When to Fly Fish for Bluegill
Fly fishing for bluegill is best done in the spring, fall, and early because during this time they tend to stay close to shore in lakes, which makes catching them on fly gear much easier.
When the waters warm up they go into deeper waters so by mid-summer, fly gear is not the best to catch them on in lakes. However, you can still catch them in ponds in the summertime.
Bluegill are common in freshwater ponds and lakes throughout the country. This is the most likely spot you will be fishing for them. Though you can often find them in large warm water rivers too. There is a very good chance that you have a body of water with these panfish very near you.
Do a quick search to find a good spot to fish. If you’re an avid fisherman you probably already know where you want to try casting your flies.
Once you get to your fishing spot, the next thing you need to do is find where the fish are at.
Take a second to look at the water and search the area for:
- Drop-offs – areas that have shallow water with quick access to deeper water are good spots for bluegills. They like to feed in the shallows but swim off into deeper waters to escape predators.
- Aquatic Vegetation – Weed lines are a good spot because of the aquatic insects drawn to these places. Any kind of aquatic vegetation from weeds to lilies will bring insects which in turn attract hungry fish
- Structure – Any kind of structure such as trees or logs is another good spot to look for bluegills. They will often come to these locations to feed and escape predators.

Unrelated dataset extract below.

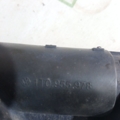 Під'ємний циліндр Volkswagen Touran I (2003-2010) 1T0955978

Fly Fishing Techniques for Catching Bluegills
The most difficult part of fly fishing bluegill is usually just locating them. After you find them, then all you need to do is cast and get your fly in front of them.
Here are a few tips:
Present your fly patterns naturally
Making your fly appear natural is one of the most important tips for fly fishing panfish. Often these means using a slow and steady twitch so your fly is never sitting still for too long.
Bluegills like to go after things that move, but don’t move your fly too fast either. Slow and steady is usually the best way to get these fish to bite.
Using Dry Flies
If the bluegills are feeding near the surface, you want to use a dry fly like a popper or caddis fly so that your fly is presented exactly where they are feeding.
You should be able to hear the small splashes the bluegill are making as they come to feed on the surface.
Tie on your fly and cast it trying to place your fly near where the bluegills are making noise. Slowly twitch and pause your lure so it skips across the area and you should get some actions
If the bluegills are a little deeper and aren’t actively feeding on the surface, this is a good opportunity to fish with a nymph.
The strategy for fishing nymphs will be pretty similar to using dry flies. Cast it into the area the bluegill are at, but this time let it sink.
If you don’t get a strike right away start playing with twitches and pauses until you find the right rhythm that works.
You can use a strike indicator if needed to help you see when the panfish are biting
If the bluegills are near structure, aquatic vegetation, or in their spawning beds, streamers can be a good option. Woolly buggers and minnow imitation flies are good options.
To fish a streamer you want to cast your fly so it lands past where the bluegill are. Then strip your streamer through the area they are in. If they aren’t biting, let it sink. This will often get them to bite.
Catching bream and other panfish on fly gear can make for a fun break from your usual bass fishing. Make sure you are using lighter gear with the appropriate fly sizes so the bluegill will still bite it.
After you’ve been out a few times you’ll start to understand the best spots for catching these panfish and how to work your flies for maximum success. Just remember to experiment with different tactics until you figure out what works best.